* What you should do: Please set down, word for word, the line that contains "Vivienne Westwood Orange" and every line after it to the end of the entries below, omitting the pictures.

******************************

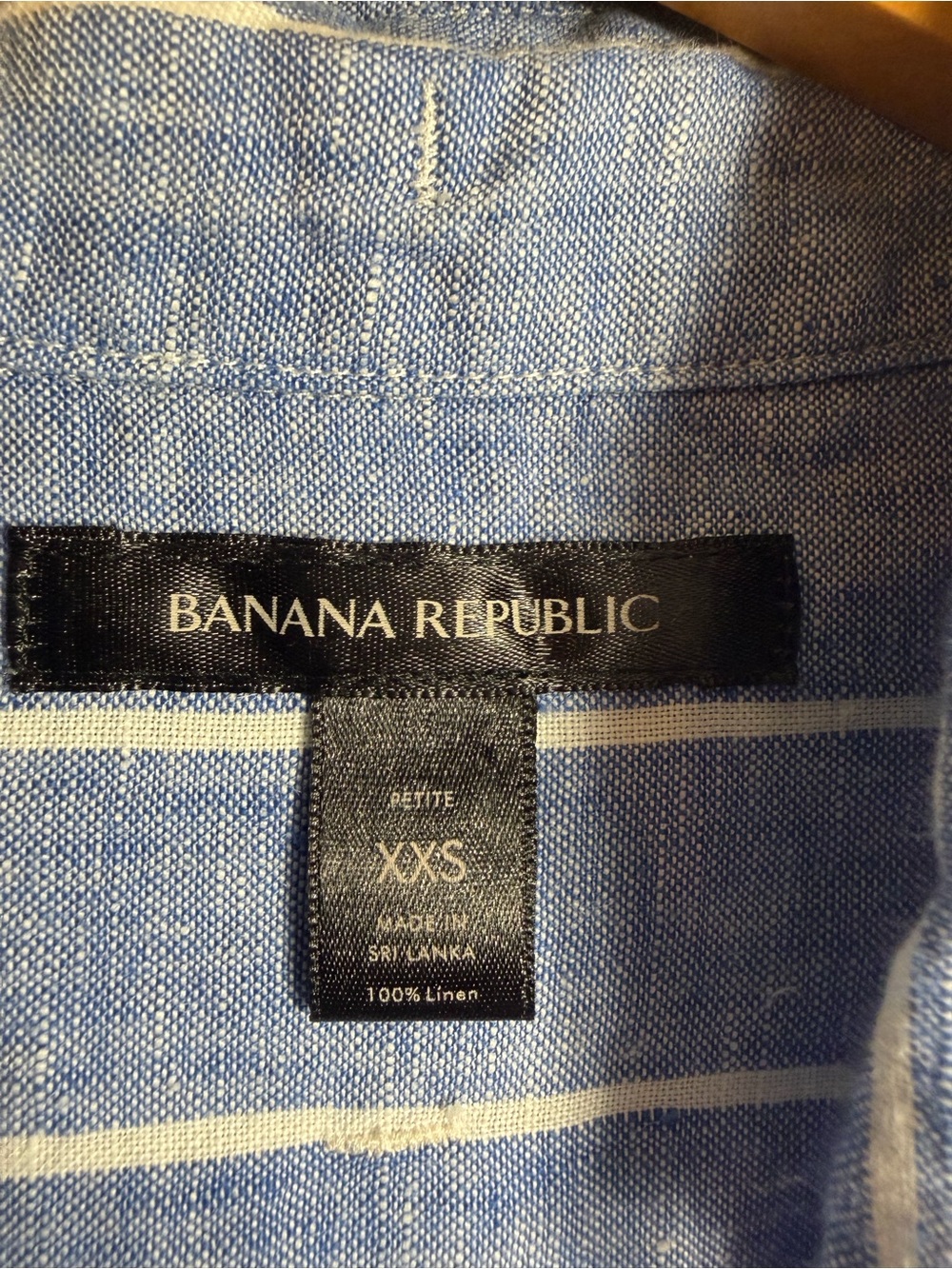 Banana Republic Linen Striped Button Front Shirt Petite XXS Blue White Coastal - Picture 3 of 4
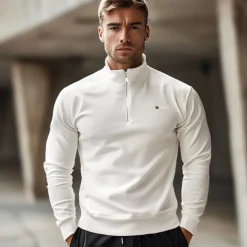 Men's Quarter Zip Hoodie White Half Zip Plain Casual Athletic Clothing Apparel Hoodies Sweatshirts Long Sleeve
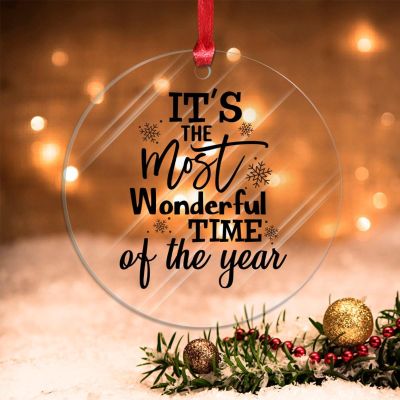 Swavecat Christmas Ornaments It's The Most Wonderful Time of The Year Christmas Decorations for Tree Christmas Sayings Quotes Acrylic Xmas Ornaments for Xmas Tree Decor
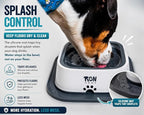 No Spill Dog Water Bowl with Silicone Mat - Spill Proof Slow Drinking Bowl for Home, Car & Travel - Mess-Free Water Bowl for Dogs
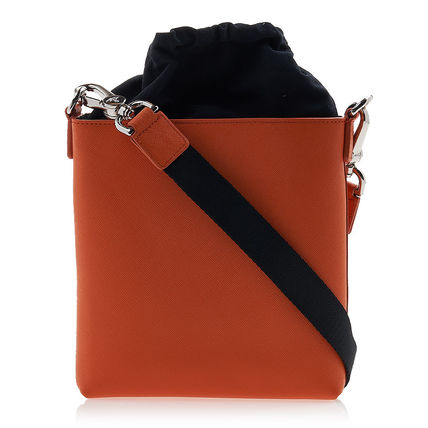 Vivienne Westwood Orange Saffiano Drawstring Crossbody Bag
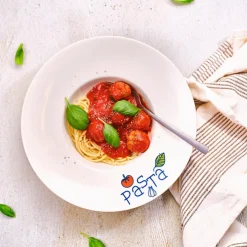 Servies|Ygo Pastabord PASTA Wit Gededoreerd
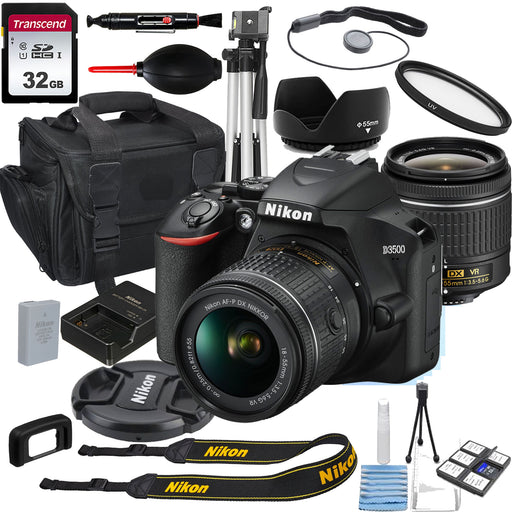 Nikon D3500 DSLR Camera with 18-55mm VR Lens + 32GB Card, Tripod, Case, and More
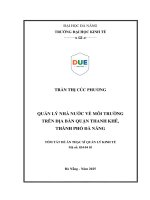 Quản lý nhà nước về môi trường trên Địa bàn quận thanh khê, thành phố Đà nẵng (tóm tắt)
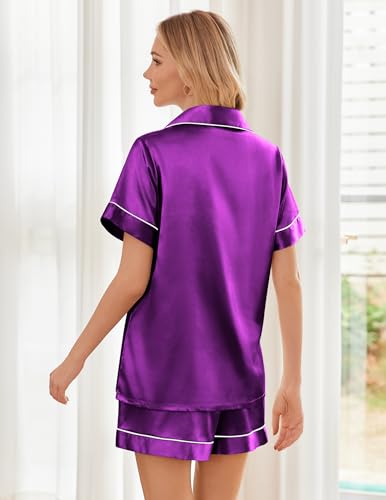 Image of Ekouaer Womens Silk Satin Pajama Sets Soft Short Sleeve Button Down Sleepwear Top and Shorts 2 Piece Pjs Lounge Set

******************************

* Exercise result:
 Vivienne Westwood Orange Saffiano Drawstring Crossbody Bag
 Servies|Ygo Pastabord PASTA Wit Gededoreerd
 Nikon D3500 DSLR Camera with 18-55mm VR Lens + 32GB Card, Tripod, Case, and More
 Quản lý nhà nước về môi trường trên Địa bàn quận thanh khê, thành phố Đà nẵng (tóm tắt)
 Image of Ekouaer Womens Silk Satin Pajama Sets Soft Short Sleeve Button Down Sleepwear Top and Shorts 2 Piece Pjs Lounge Set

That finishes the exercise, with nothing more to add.